Car repair gurus: what would keep a cooling fan running even with the ignition off?

My wife drives a 1999 Chrysler Town and Country Limited with the 3.8 V6.

Recently the cooling fan has been running even with the ignition tuned off. She first noticed it a few days ago when she heard a “whirring” sound coming from under the hood when she went to unlock the door. A day or two later she noticed the same thing as she was getting into the van after unlocking the door. Tonight she got home, got out, locked the van, and came into the house. 10 or 15 minutes later we both heard a sound coming from the carport and went to investigate. It was the van; both cooling fans were running. I had to disconnect the battery to get it to stop.

Now here’s the kicker. A month or two back she called me from work, telling me her van wouldn’t start. I went to where it was parked and tested the battery—it was dead. It was needing replaced so I went ahead and bought a new one, and as soon as I hooked it up the fans kicked on; again the ignition was off. I figured this was what had drained the battery. Snooping around on Google I learned that this is usually a stuck relay. I bought a new relay and replaced it, and all seemed well until a few days ago.

Now, the relay I changed is the relay that is bolted to the frame near the radiator, not a plug-in relay that shares space in the fuse box. Tonight I unplugged that relay (the one in the fuse box) as the fans were on and… nothing. The fans didn’t stop but quite happily kept on spinning at full speed. I had to completely unhook the battery to get them to stop.

So. What the hell is going on? Did I get a bad relay from the parts house (a local place, not the dealer)? If not, what could be the trouble? Computer problem? And even so, why won’t pulling the relay in the fuse box stop the fans (I double checked and yes, I pulled the right one).

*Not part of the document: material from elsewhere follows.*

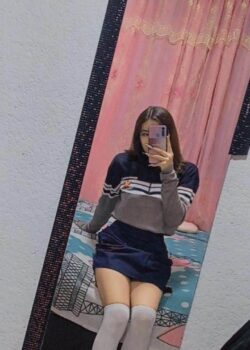 La más hermosa de la preparatoria+ Fotos & Videos 14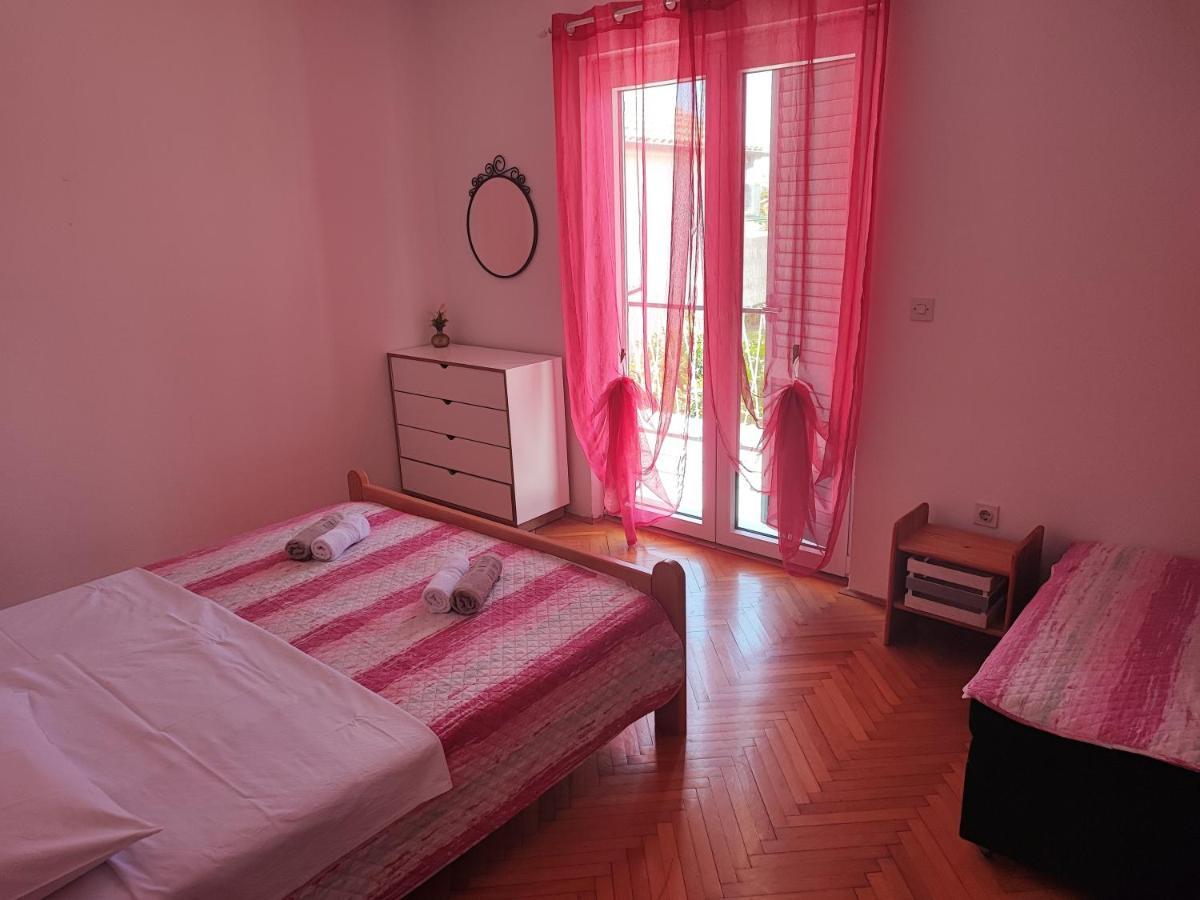 Apartments And Rooms With Parking Space Zavala, Hvar - 128 イェルサ エクステリア 写真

Given time, does it stop? I’ve had fans run 15 minutes or so after the car is stopped. They are electric and run off a thermostat. Possibly that is failing. Or you are running your engine very hot, check the coolant level and if you have a water temp readout in the dash or a gauge, make sure it is reading normally.

I had a car that did this, not sure if my current one does. I think it’s normal, though.
mmm

The first time it did it, when I had to change the battery, it was dead cold. The most recent times have been between 15 mins and 2 hours after shutting it down. So I don’t think engine temp is related.

The wiring diagram shows the radiator fan relay power coming straight from the battery rather than through the ignition switch, and the operating signal for the relay coming from the PCM (main computer). The PCM function here may or may not be dependent on the ignition being switched on; my information doesn’t say one way or the other, so I can’t tell if the fan sometimes running after shut-off is clearly a fault or not.

If the fan is running when it shouldn’t be, it could be due to a faulty fan relay or PCM, and if it’s meant to run with the ignition off a faulty engine temperature sensor or A/C high pressure switch.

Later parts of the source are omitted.